Depuis les années 1990, avec la crise de l’État‑nation et l’exil de plusieurs écrivains africains vers l’hexagone, le regard sur l’Afrique et sa cité urbaine a changé. Il porte désormais sur sa modernité transculturelle. L’idéalisation des valeurs du village a cédé la place à la dénonciation des dérives de l’État‑nation et à la polyglossie qui caractérise l’espace géographique urbain. Toute velléité d’appartenance spatiale au sens étroit du terme est occultée. Du moins, c’est ce que l’on peut lire, dans une certaine mesure, chez les auteurs cités par C. Husti‑Laboye. Ahmadou Kourouma, évoqué dans le compte rendu d’Adama Coulibaly, propose aussi une esthétique littéraire polyphonique qui rend compte de la dimension multiculturelle de l’histoire des langues et des sociétés africaines actuelles. Seulement, contrairement à ce que sous‑entend le compte rendu d’Adama Coulibaly, Kourouma, comparativement à ses pairs, suggère un métissage qui refuse l’aliénation, c’est‑à‑dire qui a un point de départ, un socle, une base dans laquelle se fonderaient toutes les autres identités. Il suggère un métissage qui permettrait à l’individu d’aller vers l’autre sans se perdre ni se dénaturer.
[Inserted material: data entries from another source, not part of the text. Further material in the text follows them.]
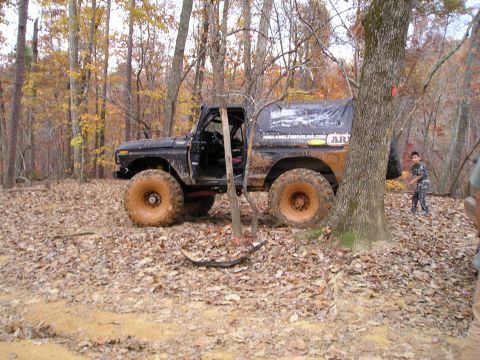 1996 Ford Bronco - This heavily modified 1978 Ford Bronco is shown off-road in a forest during autumn.
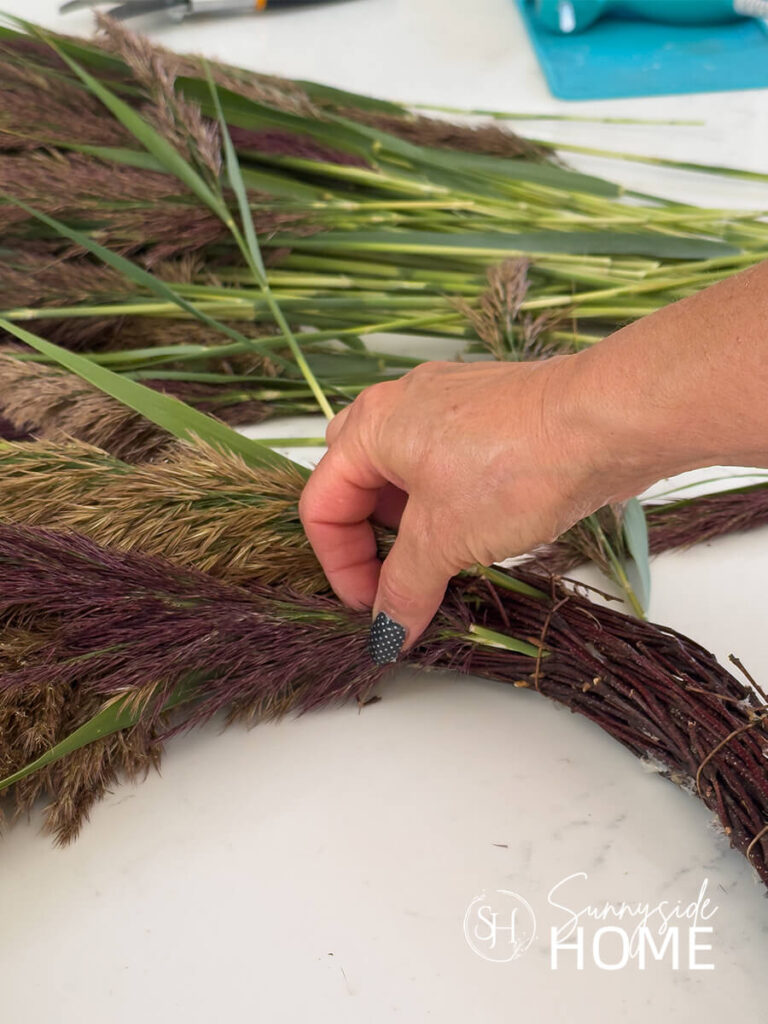 Woman inserts a pampas grass stem into a grapevine wreath.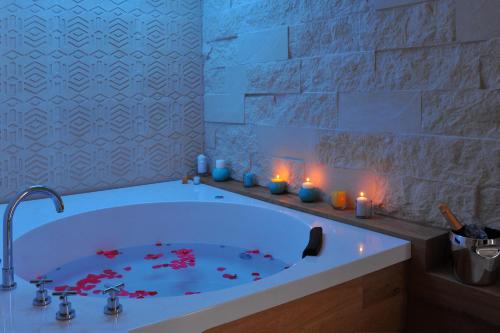 奥特朗托BluOtranto的浴室设有装有红色鲜花的浴缸。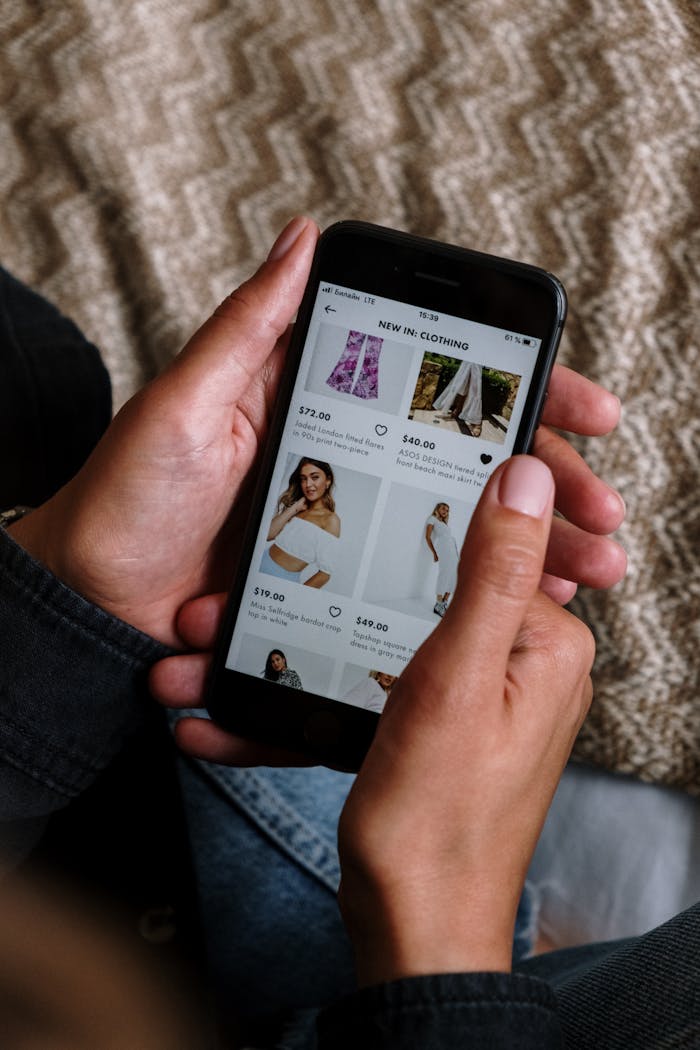 Close-up of a person shopping for clothing on a smartphone, highlighting the modern digital lifestyle.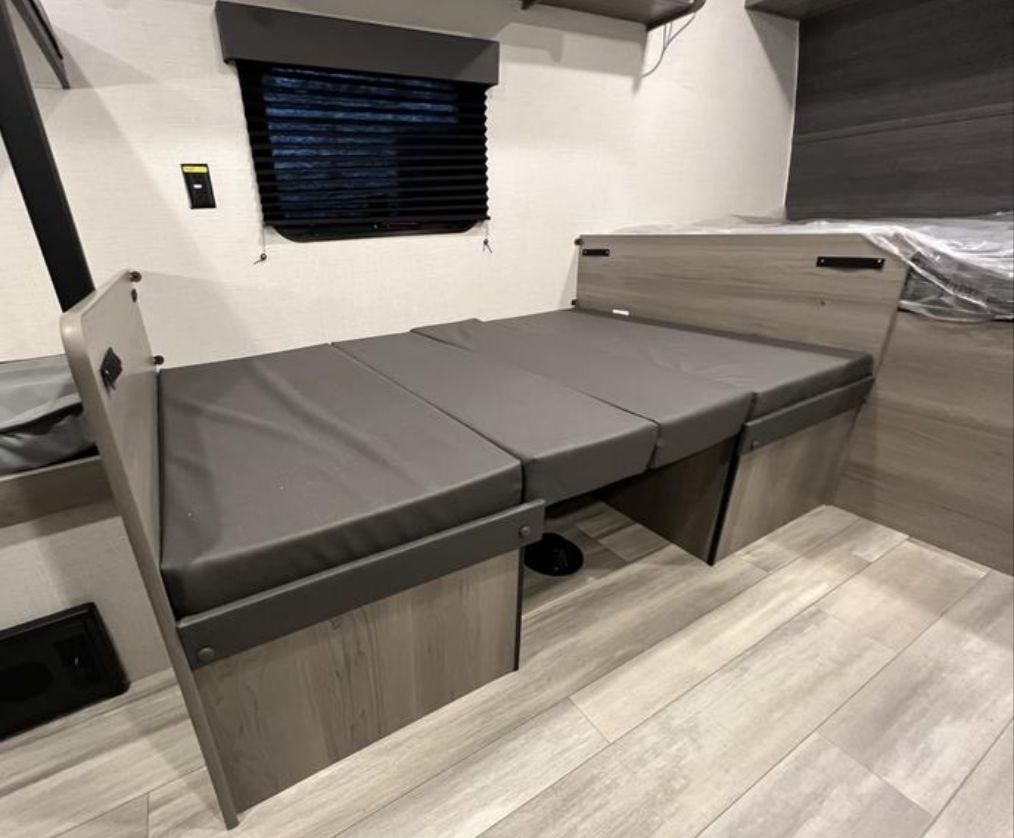 RV rental interior showing a versatile dinette that converts into a bed, featuring sleek gray cushions and wood-look finishes.. Keystone RV Hideout 2024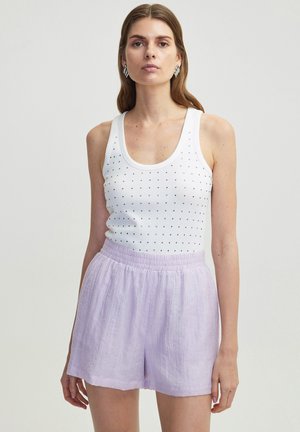 Débardeur blanc avec des clous noirs, associé à un short violet clair avec une taille élastique et un tissu texturé.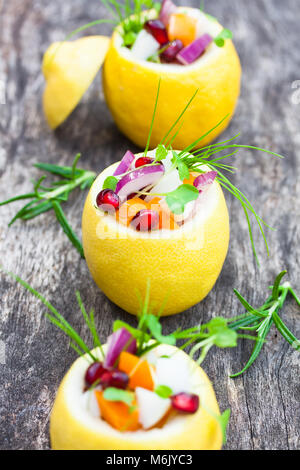 Gefüllte Zitronen mit vegetarischen Salat auf die alte Tabelle Stockfoto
Son œuvre, selon moi, se situerait à cheval sur les deux conceptions de l’identité précédemment évoquées, car elle suscite une quête identitaire qui ne se définit pas forcément comme le retour au passé, ou la négation de ses racines, mais qui se définit plutôt comme la recherche d’un mieux‑être et d’un certain équilibre qui passe par le dialogue équitable des visions du monde.


[1] O. Sembène, Le Mandat, Paris, Présence africaine, 1966, p. 226.

[2] M. Beti, Mission terminée, Paris, Buchet-Chastel, 1957.

[3] Médou Mwomo, Afrika Ba’a, Yaoundé, Cle, 1969. p. 64.